TASK PROMPT: Reproduce, please, only the lines from the first line below to the line containing "Women's Cream T-Strap", inclusive.

SOURCE MATERIAL:

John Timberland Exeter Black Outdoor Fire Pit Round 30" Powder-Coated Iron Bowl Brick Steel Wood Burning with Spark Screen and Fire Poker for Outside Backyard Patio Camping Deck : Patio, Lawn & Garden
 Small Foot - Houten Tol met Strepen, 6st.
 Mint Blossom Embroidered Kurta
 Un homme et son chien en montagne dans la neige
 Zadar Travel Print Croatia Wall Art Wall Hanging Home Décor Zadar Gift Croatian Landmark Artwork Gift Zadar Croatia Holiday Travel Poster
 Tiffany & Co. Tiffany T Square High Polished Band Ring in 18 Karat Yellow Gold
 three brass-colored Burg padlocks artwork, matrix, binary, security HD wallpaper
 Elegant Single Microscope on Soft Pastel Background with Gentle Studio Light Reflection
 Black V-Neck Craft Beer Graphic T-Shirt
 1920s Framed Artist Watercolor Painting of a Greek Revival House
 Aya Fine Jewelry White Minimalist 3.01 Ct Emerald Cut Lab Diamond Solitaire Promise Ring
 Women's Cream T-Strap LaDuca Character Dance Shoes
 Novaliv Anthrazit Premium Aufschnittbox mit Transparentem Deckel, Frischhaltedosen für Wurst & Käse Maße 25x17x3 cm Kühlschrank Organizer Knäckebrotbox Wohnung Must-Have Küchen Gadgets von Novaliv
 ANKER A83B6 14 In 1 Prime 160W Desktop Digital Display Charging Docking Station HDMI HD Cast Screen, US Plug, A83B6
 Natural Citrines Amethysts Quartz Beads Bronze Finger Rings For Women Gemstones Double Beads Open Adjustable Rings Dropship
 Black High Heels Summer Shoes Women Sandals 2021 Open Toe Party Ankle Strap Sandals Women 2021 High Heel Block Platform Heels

SOLUTION:
John Timberland Exeter Black Outdoor Fire Pit Round 30" Powder-Coated Iron Bowl Brick Steel Wood Burning with Spark Screen and Fire Poker for Outside Backyard Patio Camping Deck : Patio, Lawn & Garden
 Small Foot - Houten Tol met Strepen, 6st.
 Mint Blossom Embroidered Kurta
 Un homme et son chien en montagne dans la neige
 Zadar Travel Print Croatia Wall Art Wall Hanging Home Décor Zadar Gift Croatian Landmark Artwork Gift Zadar Croatia Holiday Travel Poster
 Tiffany & Co. Tiffany T Square High Polished Band Ring in 18 Karat Yellow Gold
 three brass-colored Burg padlocks artwork, matrix, binary, security HD wallpaper
 Elegant Single Microscope on Soft Pastel Background with Gentle Studio Light Reflection
 Black V-Neck Craft Beer Graphic T-Shirt
 1920s Framed Artist Watercolor Painting of a Greek Revival House
 Aya Fine Jewelry White Minimalist 3.01 Ct Emerald Cut Lab Diamond Solitaire Promise Ring
 Women's Cream T-Strap LaDuca Character Dance Shoes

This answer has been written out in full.